Der stellvertretende Polizeipräsident Beno Meglič berichtete, dass es am Unfallort Postojna zwischen dem 1. März und dem 8. Mai 29 Unfälle gab, darunter einen mit Schwerverletzten und 26 mit Sachschaden. Er bestätigte, dass die polizeilichen Analysen überhöhte Geschwindigkeit und zu geringen Abstand kurz vor den Engstellen als Hauptursachen identifizierten.

Meglič unterstrich das Ausmaß der Verstöße der Fahrer und sagte, die Polizei habe allein am vergangenen Wochenende an diesem Ort 688 Geschwindigkeitsübertretungen registriert, obwohl es in diesem Zeitraum zu keinen Unfällen gekommen sei.

Meglič kündigte eine verstärkte Polizeipräsenz und häufigere Geschwindigkeitskontrollen an und rief die Fahrer zur Geduld auf. Er warnte davor, dass Spurwechsel in verengten Abschnitten weiterhin besonders gefährlich seien.

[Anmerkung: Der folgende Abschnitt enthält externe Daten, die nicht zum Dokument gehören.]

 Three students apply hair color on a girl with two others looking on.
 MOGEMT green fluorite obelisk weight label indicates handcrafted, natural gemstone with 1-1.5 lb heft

Neue Sicherheitsmaßnahmen eingeführt

Um die Situation zu entschärfen, hat die Regierung DARS angewiesen, umgehend eine Reihe von verkehrsberuhigenden Maßnahmen umzusetzen. Dazu gehören ein striktes Überholverbot in Fahrstreifenwechselzonen, deutlichere gelbe Fahrbahnmarkierungen, Aufklärungskampagnen für die Öffentlichkeit sowie die Installation von Bremsschwellen und digitalen Geschwindigkeitsanzeigen vor Baustellen.

Bratušek erklärte, diese Maßnahmen würden bereits im problematischen Baustellenabschnitt bei Postojna umgesetzt. Zusätzlich werde der Übergangsbereich, der den Verkehr auf die Gegenfahrbahn umleitet, um 30 Meter verlängert, um einen sanfteren und stufenweiseren Fahrstreifenwechsel zu ermöglichen.

DARS wurde außerdem angewiesen, die Baufristen für laufende und zukünftige Projekte so weit wie möglich zu verkürzen. Gleichzeitig werden Experten die von der Verkehrssicherheitsbehörde erarbeiteten langfristigen Empfehlungen prüfen, um festzustellen, ob die zehn Jahre alten nationalen Richtlinien für Autobahnbaustellen aktualisiert werden müssen.

Auf die Forderungen der Öffentlichkeit, Straßenbauarbeiten nachts durchzuführen, um die Verkehrsstaus tagsüber zu verringern, wies der Geschäftsführer des Autobahnunternehmens, Andrej Ribič, auf einen gravierenden Mangel an qualifizierten Bauarbeitern hin und erklärte, dass es den Bauunternehmen manchmal schwerfalle, auch nur eine einzige Schicht zu besetzen.